• Exercise requirements
A faithful copy of all the data is required; pictures should not be included.

• Provided material
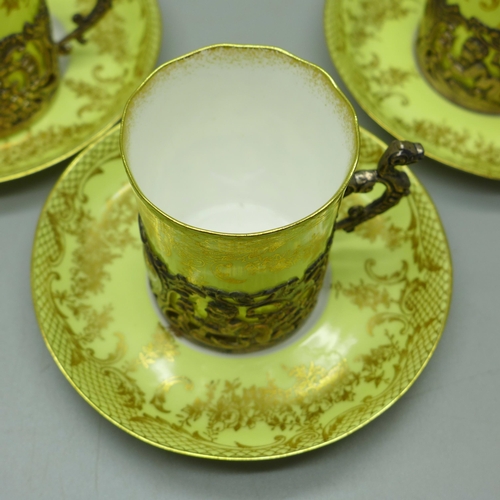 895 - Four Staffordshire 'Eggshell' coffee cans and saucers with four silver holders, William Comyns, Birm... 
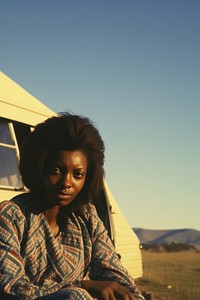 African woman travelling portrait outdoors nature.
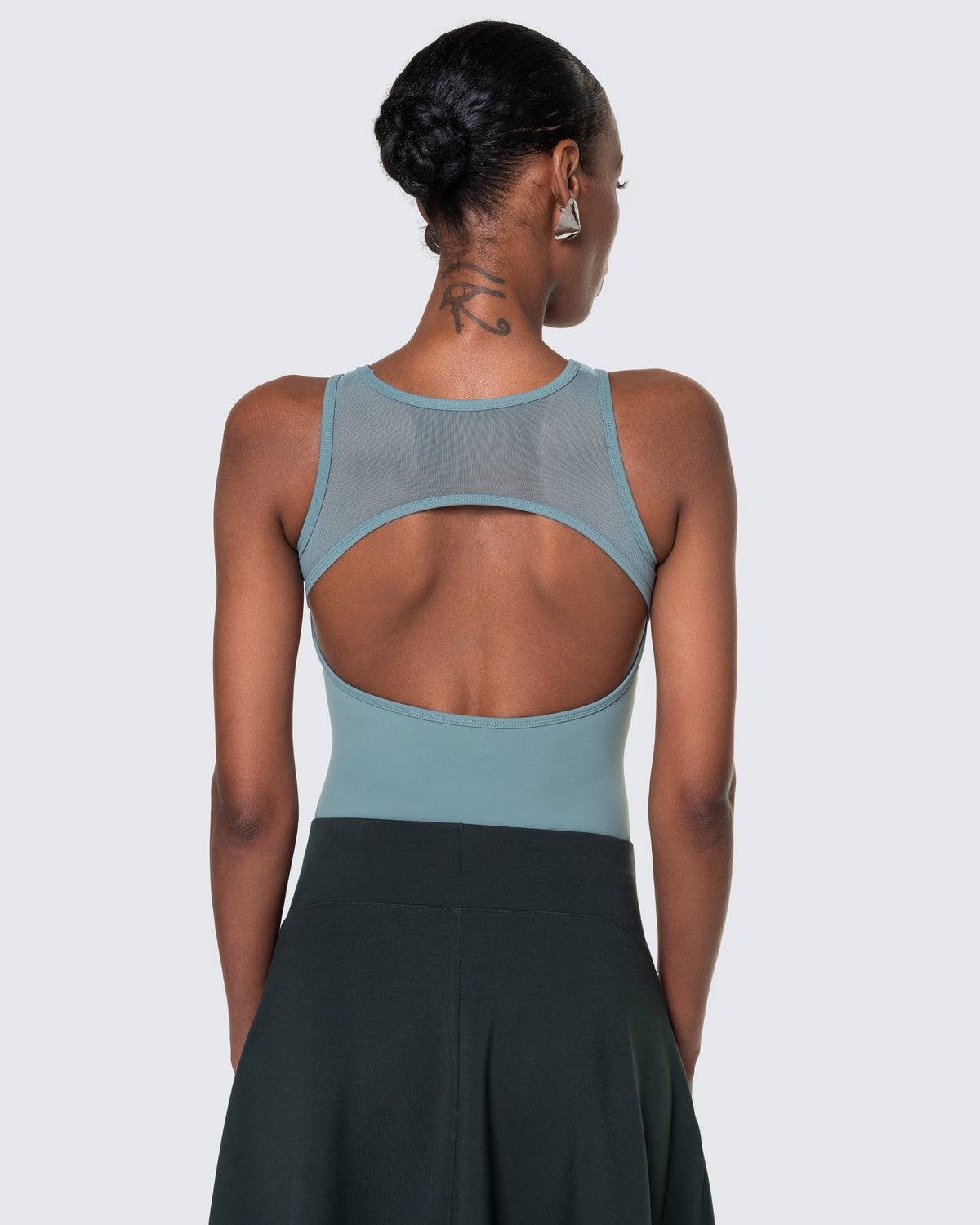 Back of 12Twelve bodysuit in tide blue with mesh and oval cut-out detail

• Answer to this task
 895 - Four Staffordshire 'Eggshell' coffee cans and saucers with four silver holders, William Comyns, Birm... 
 African woman travelling portrait outdoors nature.
 Back of 12Twelve bodysuit in tide blue with mesh and oval cut-out detail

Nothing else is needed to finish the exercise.